V32 : le murmure numérique d'une guerre froide revisitée

Alors que les tensions entre Israël, les États-Unis et l'Iran atteignent des sommets inédits depuis le 28 février 2026, une étrange émission hante les ondes courtes : V32. Pas de message clair, pas d'identification formelle, juste une litanie implacable de chiffres, un spectre technologique qui se dresse dans le brouillard de la guerre.

Une station fantôme surgit des décombres de la communication

Douze heures à peine après les premiers bombardements sur le sol iranien, Priyom, site spécialisé dans les mystères des radios à nombres, a détecté l'apparition de V32. Deux fois par jour, à 02h00 et 18h00 UTC, la station crache ses séquences numériques sur les fréquences 7.910 et 7.842 kHz. Chaque transmission, d'une durée allant jusqu'à deux heures, est composée de six blocs de vingt minutes, chacun contenant 181 groupes de cinq chiffres, précédés de codes comme 64096 ou 11050, le tout ponctué du mot persan « tavajjoh » (attention), répété trois fois. Un vestige d'une époque révolue, une relique technologique qui défie les systèmes modernes.

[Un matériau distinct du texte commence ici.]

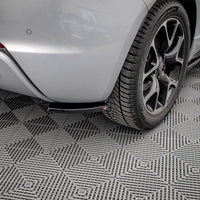 Maxton Design - REAR SIDE SPLITTERS OPEL ASTRA GTC OPC-LINE J (2011-2018)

Mais ce qui rend V32 véritablement troublant, c'est son inébranlable robustesse. La communication est protégée par un chiffrement parfait, basé sur des « carnets à usage unique », une méthode si complexe qu'une attaque par force brute s'avère impossible. Une forteresse numérique érigée contre la vulnérabilité des réseaux interconnectés.

Sabotage et contre-mesures : un jeu du chat et de la souris

Sabotage et contre-mesures : un jeu du chat et de la souris

Le mystère s'épaissit. Depuis le 4 mars, V32 est la cible d'interférences agressives, du bruit électronique destiné à la noyer presque complètement. RadioFreeEurope a rapporté une lutte acharnée, un jeu du chat et de la souris où l'émetteur est contraint de changer de fréquence en permanence, poursuivi par des signaux parasites presque en temps réel. Qui cherche à faire taire cette voix numérique ? Et pourquoi ?

L'enquête des radioamateurs a permis de trianguler l'origine du signal : une base militaire américaine située à environ 15 kilomètres de Stuttgart. L'hypothèse d'une opération ciblant l'Iran se dessine, possiblement visant un lieu précis. Une opération menée sous le nez et les yeux de l'Europe, dans un silence assourdissant.

Des « collages » numériques : des indices énigmatiques

Des « collages » numériques : des indices énigmatiques

L'affaire prend une dimension surréaliste avec l'apparition de ce qu'on pourrait qualifier de « collages » numériques : des bips de radios militaires L3Harris (620 Hz et 925 Hz), des mots anglais isolés comme « specifically », des coupures audio, et même des sons de Windows 10 qui se glissent au milieu des transmissions. Un chaos organisé, une signature d'espionnage digne des plus folles parodies. La diffusion, bien que rudimentaire, révèle un niveau de sophistication surprenant, un mélange d'urgence et d'improvisation.

Alors que les réseaux internet sont bloqués en Iran, ces émetteurs de nombres, vestiges d'une technologie obsolète, se révèlent étonnamment efficaces. Ils traversent les frontières, rebondissent sur l'atmosphère, et fonctionnent sans dépendre d'une infrastructure moderne. La clé réside dans la maîtrise du persan et d'un simple carnet pour noter les séquences numériques. Une solution d'urgence, certes, mais une solution fonctionnelle.

L'histoire de V32 nous rappelle que, dans le chaos de la guerre, les technologies les plus anciennes peuvent parfois se révéler les plus puissantes. Et que derrière chaque série de chiffres, se cache peut-être un message vital, un appel à l'aide, ou simplement, la confirmation d'une nouvelle ère de guerre froide numérique. La question n’est plus de savoir ce que ces chiffres signifient, mais qui les écoute vraiment.